Shrimp Foil Boil Packets
Posted by Wine Gourmet on
Preparing for several guests can be difficult, which is why we chose this easy make-ahead Shrimp Boil recipe for our menu! With virtually zero cleanup involved and a few simple steps, this is a must for large summer gatherings. This recipe is our adaptation of this recipe from DAMN Delicious!

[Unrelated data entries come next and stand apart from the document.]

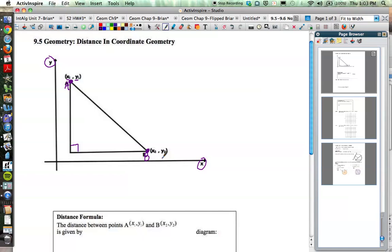We're going to name a third point. Let's call that point C. If you look at it, it has the same x value as point A, so point C has an x value of x1. And it has the same y value as point B, so its y value is y2. So now we have named all three points A, B, and C with their generic coordinates.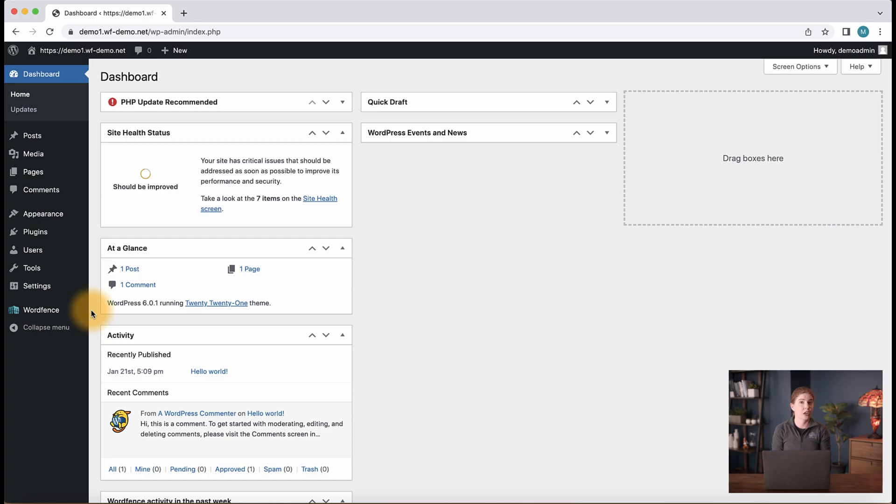Hi, my name is Maddie and I'm an instructor with WordFence. Today we're going to take a look at the blocking options in the WordFence firewall so you can quickly block or unblock visitors on your site.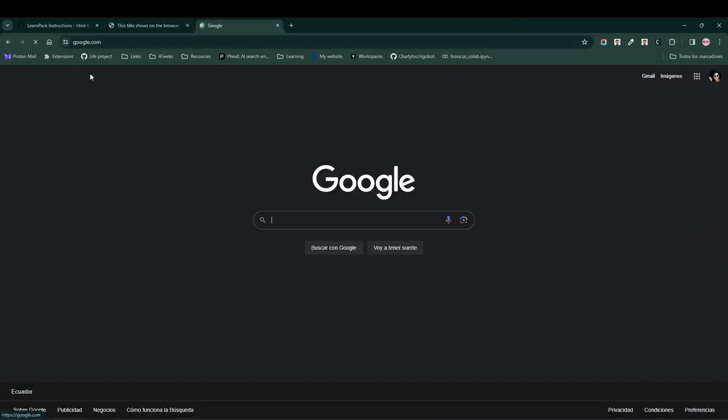Notice that there isn't any visible difference, but when we click on the one without the target attribute, it replaces the URL of the current tab.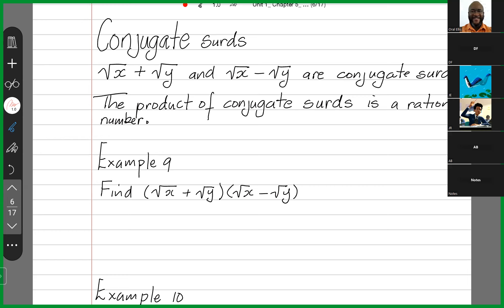The product of conjugate surds is a rational number, meaning that if I multiply conjugate surds, I'm going to get a number or something that is not a surd. I just need to remind people that root x times root x is actually equal to x. We can show that root x is the same as x to the half times x to the half, which equals x to the half plus a half, which is x to the one, which is just x.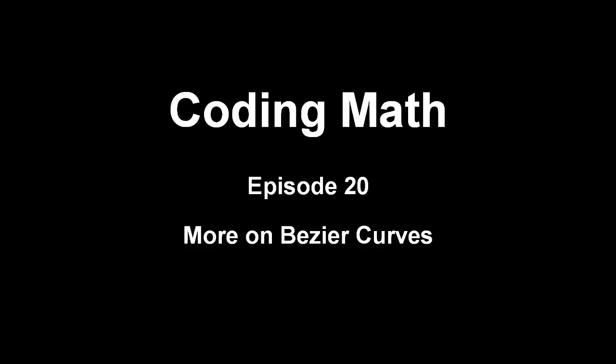This is Coding Math, Episode 20, More on Bezier Curves. Whoa, episode 20, milestone. Last week we covered Bezier curves.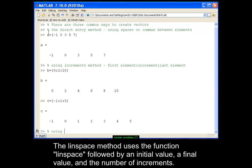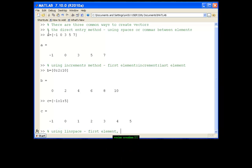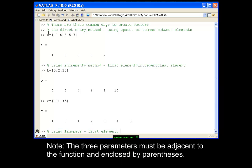The linspace method uses the function linspace, followed by an initial value, a final value, and the number of increments. Note that the three parameters must be adjacent to the function and enclosed by parentheses.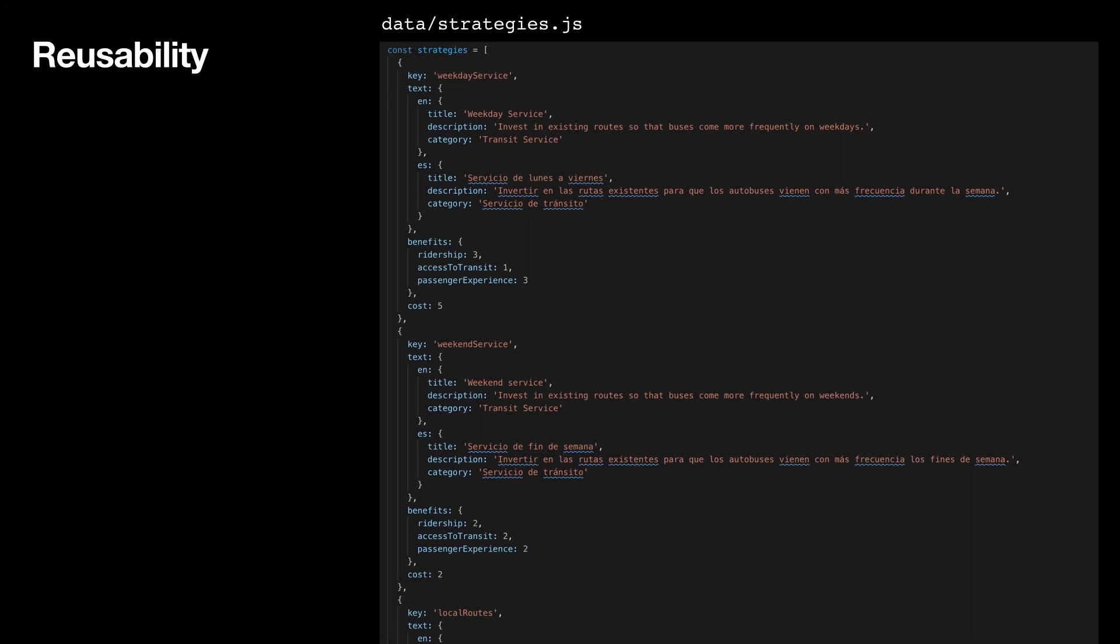So first, reusability. This survey was actually designed to be deployed for multiple agencies, and so it was really important to make it easy to change and reuse the framework as needed. By structuring all of the improvements shown as a JSON, it's really easy to edit, rearrange, update survey questions.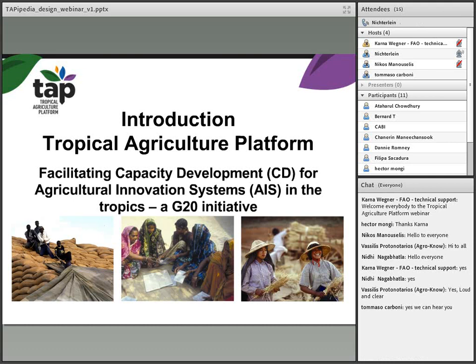I would like to welcome all participants of the webinar. This webinar will be to get your feedback on how TAPIpedia should look like. Before I go on to TAPIpedia, because some of you participating in this seminar are not aware of what the Tropical Agriculture Platform is, I will very quickly show two or three slides so that you understand the overall context before I pass on to Nikos.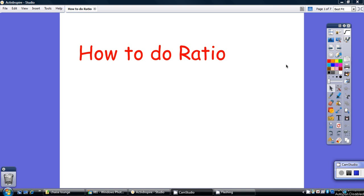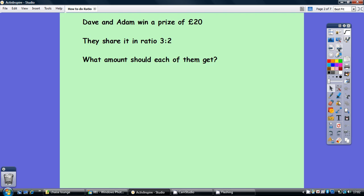This video is how to do ratios. Here's a basic standard question: Dave and Adam win a prize of £20. They share it in the ratio of 3 to 2. What amount should each of them get?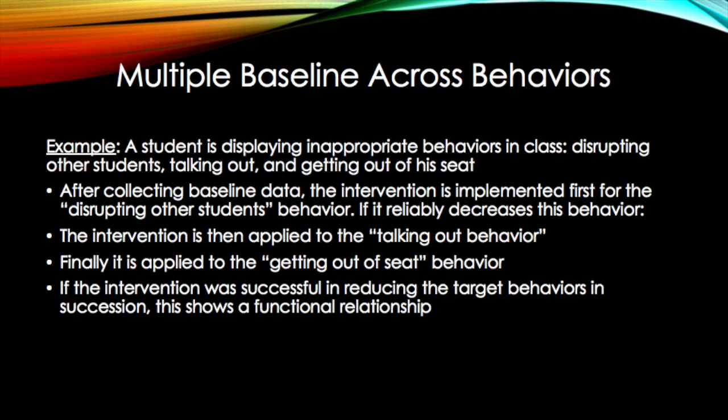An example of a multiple baseline across behaviors is a student displaying inappropriate behaviors in a classroom. Once baseline data is collected, the intervention is implemented for each dependent variable one at a time. If each target behavior is reduced once the intervention is established, this shows a functional relationship.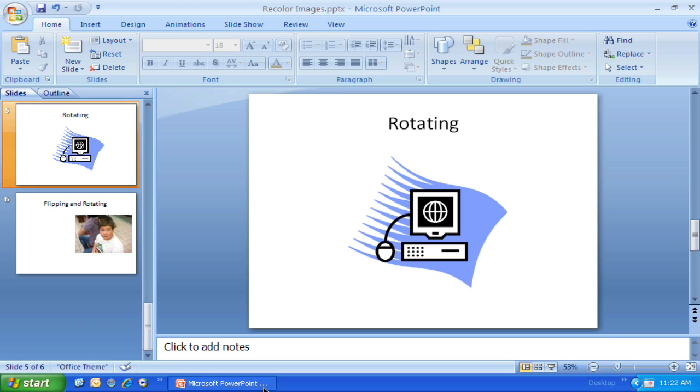Welcome to UEN Video. This is another in our series of videos on managing images in Microsoft PowerPoint 2007. We're going to look at rotating images. There are some powerful and useful things you can do with it.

pair with: Glazebrook Sauvignon Blanc, $18.99; Ava Grace Chardonnay, $11.99 (part of our 6 for 60 program); Bells Oberon, $11.99/6 pack
YIELD: 4 packets ACTIVE TIME: 10 minutes TOTAL TIME: 25 minutes
- 1 1/2 pounds large shrimp, peeled and deveined
- 1 (12.8-ounce) package smoked andouille sausage, thinly sliced
- 2 ears corn, each cut crosswise into 4 pieces
- 1 pound baby red potatoes, halved
- 2 tablespoons olive oil
- 4 teaspoons cajun seasoning
- Kosher salt and freshly ground black pepper, to taste
- 2 tablespoons chopped fresh parsley leaves
- 1 bottle Boar & Castle Sauce
- Preheat grill to a high heat.
- Cut four sheets of foil, about 12-inches long.
- Section ingredients into equal quarters.
- Add each sectionto the center of a single layer.
- Fold in the sides of the pieces of foil to add seasonings.
- Add olive oil, cajun seasoning, salt and pepper, to taste; gently toss to combine.
- Seal the foil packets completely closed.
- Place packets onto the grill and cook until just cooked through (12-15 minutes)
- Served immediately, garnished with parsley, if desired.
- Add a drizzle of Boar & Castle sauce or keep for dipping to give your boil that final kick of irresistible flavor!
- This can also be baked for 15-17 minutes at 425 degrees F.